Most advice about avoiding high blood pressure involves eating more fruits and vegetables, but now there’s some confusion about one vegetable that a lot of people eat.
A new study from Brigham and Women’s Hospital and Harvard Medical School points the finger at this vegetable and accuses it of potentially doing more harm than good.
And to muddy the waters even more, they also found that one of the least healthy ways of preparing this vegetable DIDN’T seem to raise blood pressure.
The authors already knew that people who took potassium supplements had lower blood pressure than their peers did. They also knew that high glycemic carbohydrates (like potatoes) can increase blood pressure.
As potatoes are full of potassium (which can lower blood pressure) and high glycemic carbohydrates (which can raise blood pressure), they were curious about which one would win this tug of war.
So, they looked back over 3 previous studies that tracked 187,453 people. They knew their potato intakes, and which of them had hypertension.
They found that people who ate less than one portion of potatoes per month had the lowest risk, while those who ate four or more portions per week had the highest risk.
It didn’t matter if they smoked or not, were obese or not, or did exercise or not. The results were still the same. And what they ate and drank didn’t seem to make any difference either. They could have been drinkers or abstainers, vegetarians or meat eaters.
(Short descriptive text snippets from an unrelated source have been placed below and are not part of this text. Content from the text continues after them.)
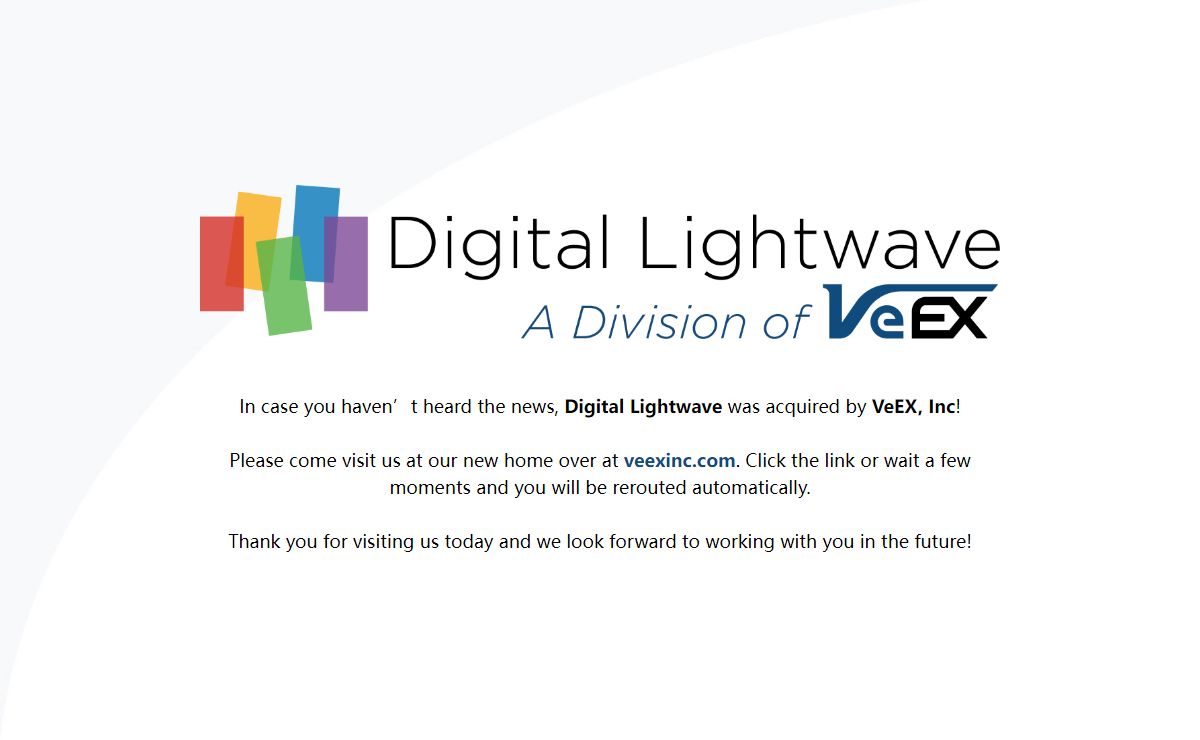 Digital Lightwave is now VeEX, Inc!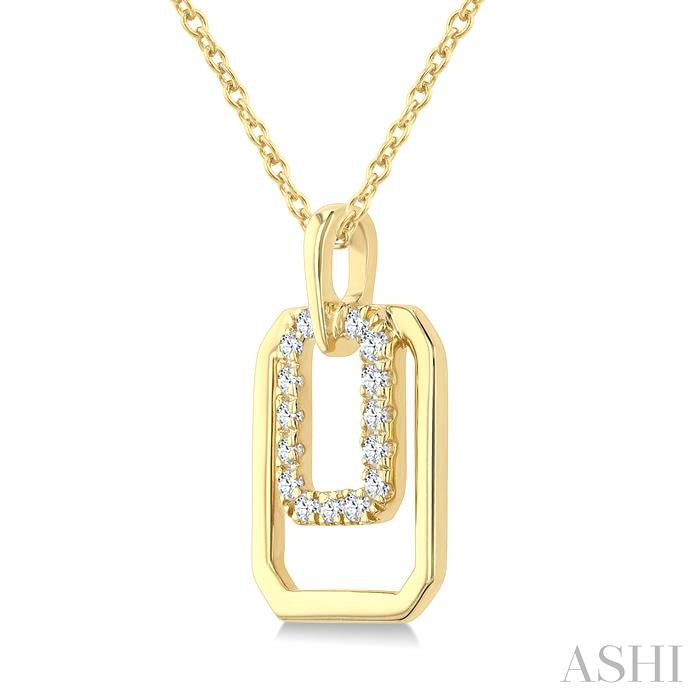 Golden Glow Emerald Shape Petite Diamond Fashion Pendant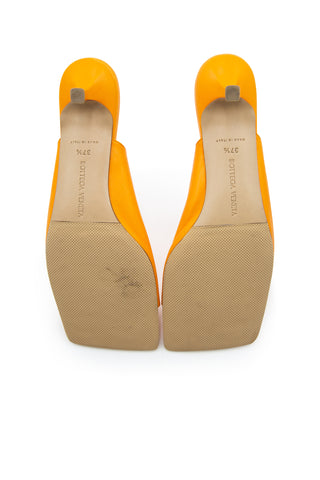 Stretch Leather Mules in Orange | (est. retail $950) Sandals Bottega Veneta   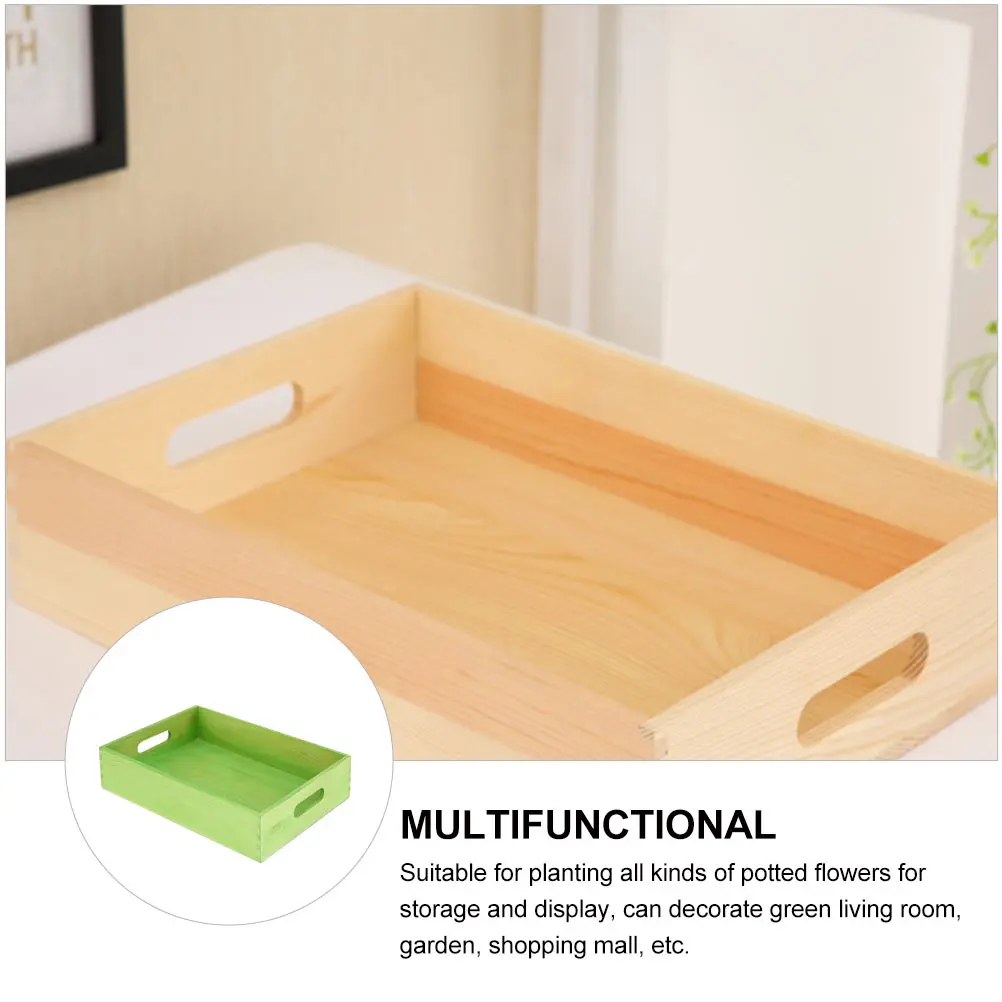 

Wood Tea Plate Natural Pine Rectangular Serving Tray Garden Flowerpot Storage Home Household Snack Clothing Plant Storage Tray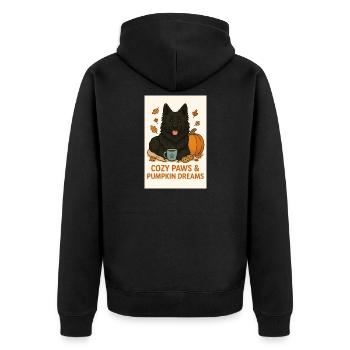 Pattes douillettes et rêves de citrouille - Veste à capuche bio Premium Unisexe - noir - Dos - Nico (187cm)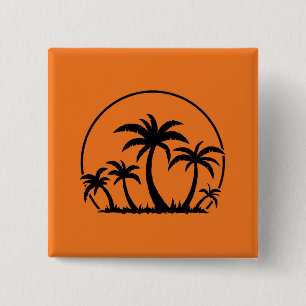 Palm Trees And Sunset in Black 15 Cm Square Badge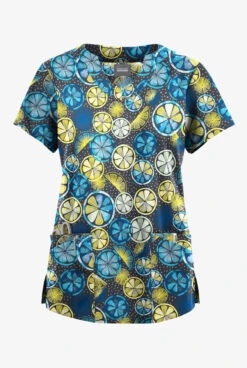 Butter-Soft Originals Citrus Slice Pewter Women's 6-Pocket Scallop Neck Printed Scrub Top 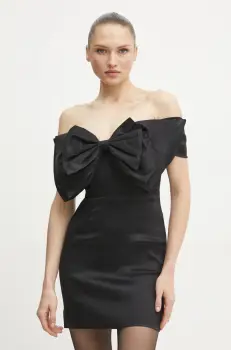 Bardot rochie MINI BOW DRESS culoarea negru, mini, mulata, 54327DB2 imagine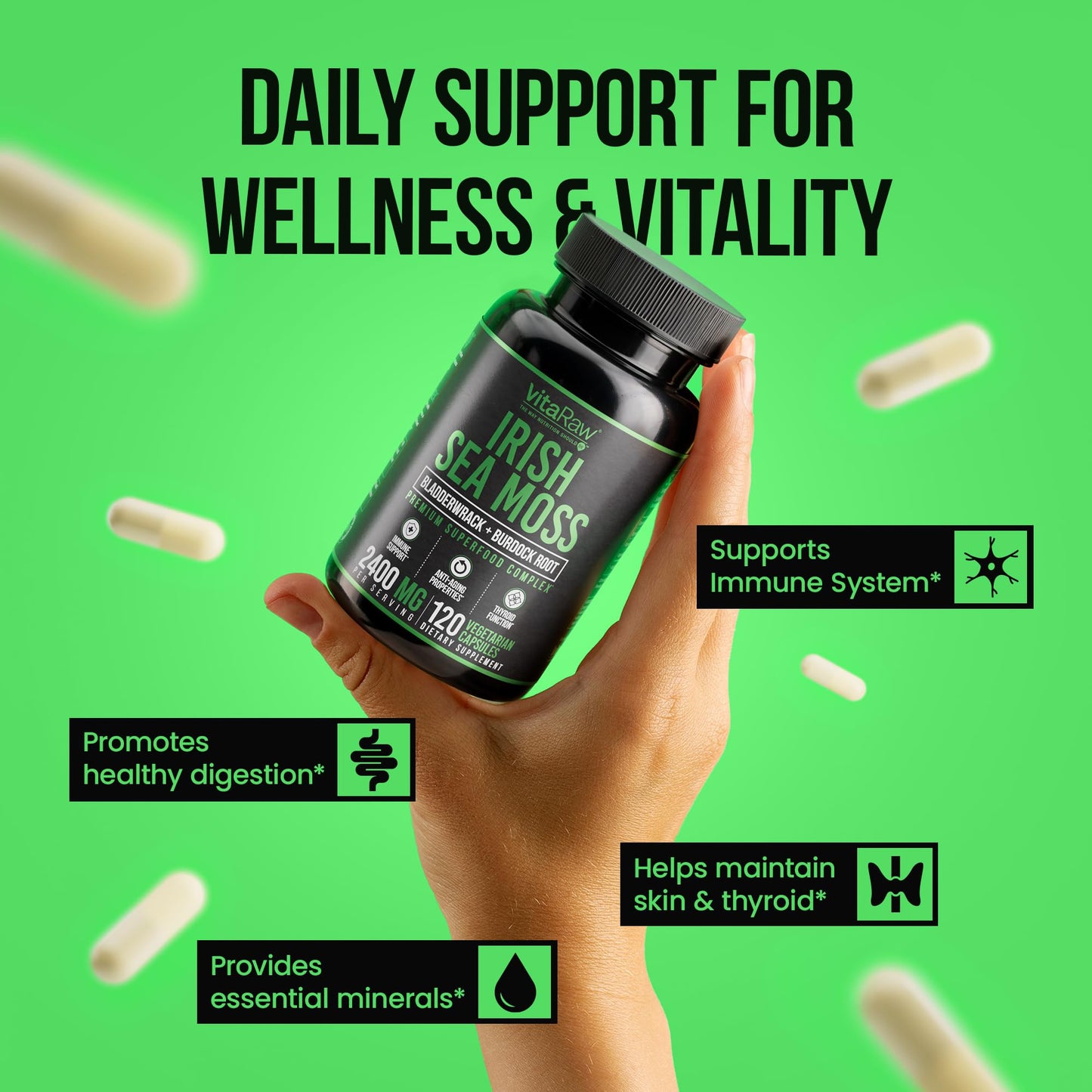 VitaRaw Organic Irish Sea Moss Capsules 2400 mg - Immune, Joint & Gut Health Support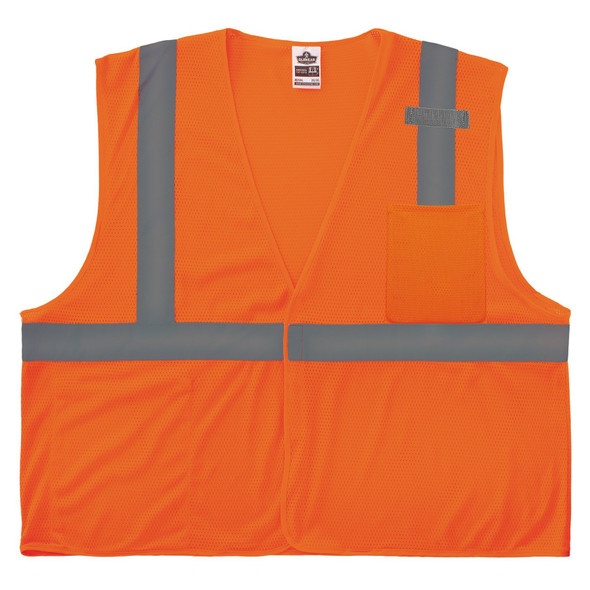 Hi-Vis Safety Vest 3XL Class 2 ,Hook & Loop 1 Mic Tab Pack of 2
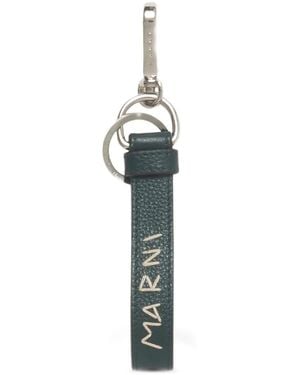 Marni Llavero de piel Carabiner con mosquetón - Azul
In all cases, more potatoes meant higher blood pressure.
But here’s a couple of odd things…
1. Four or more weekly servings of baked, boiled, or mashed potatoes increased the blood pressure risk for women, but not for men.
2. French fries increased everyone’s risk, but potato chips didn’t. Which seems weird considering that they’re virtually the same thing. Both are deep-fried and both are salty.
It would be nice to think that we can all eat potato chips every day without suffering any health problems, but let’s hold back until the scientists can get to the bottom of what’s going on with this strange result.
There’s obviously more work to be done in figuring out exactly what’s going on, because something clearly is.
Until that happens, try and stay at three or fewer portions of potatoes per week (including potato chips) just to be on the safe side.